- WORK REQUIRED
Transcribe the listing verbatim. Do not carry over any pictures.

[GIVEN DATA]

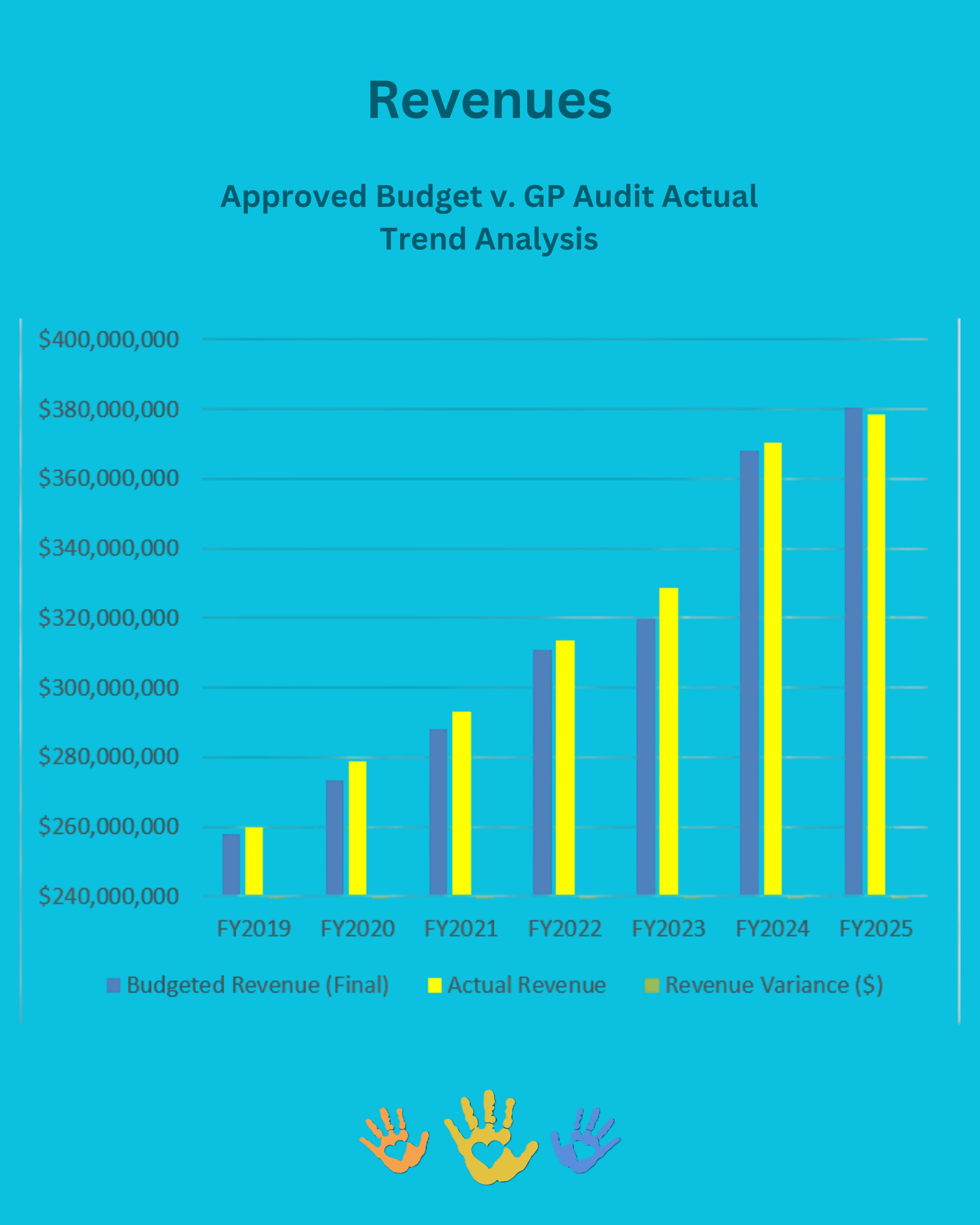 02 Revenue.png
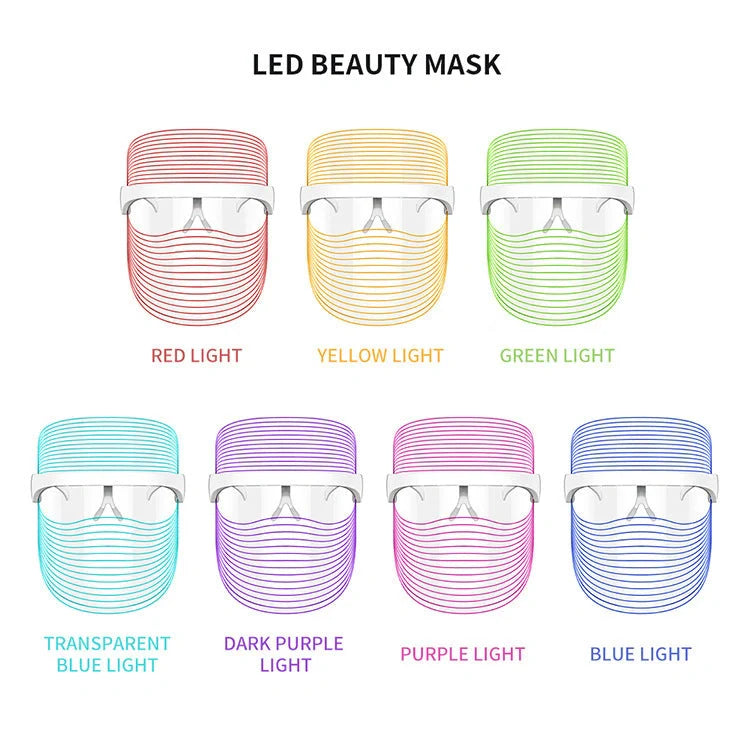 7 Colour LED Mask for skin rejuvenation and light therapy
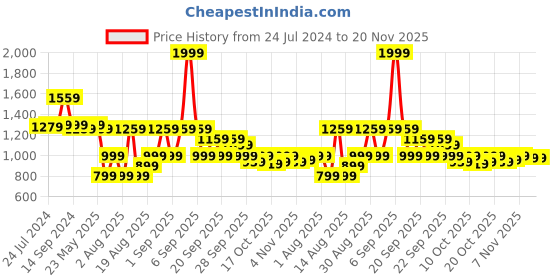 myntra.com KISAH Men Grey Solid Straight Kurta kisah Price History Graph from 24 Jul 2024 to 20 Nov 2025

[/GIVEN DATA]

- RESULT OF THE EXERCISE
 02 Revenue.png
 7 Colour LED Mask for skin rejuvenation and light therapy
 myntra.com KISAH Men Grey Solid Straight Kurta kisah Price History Graph from 24 Jul 2024 to 20 Nov 2025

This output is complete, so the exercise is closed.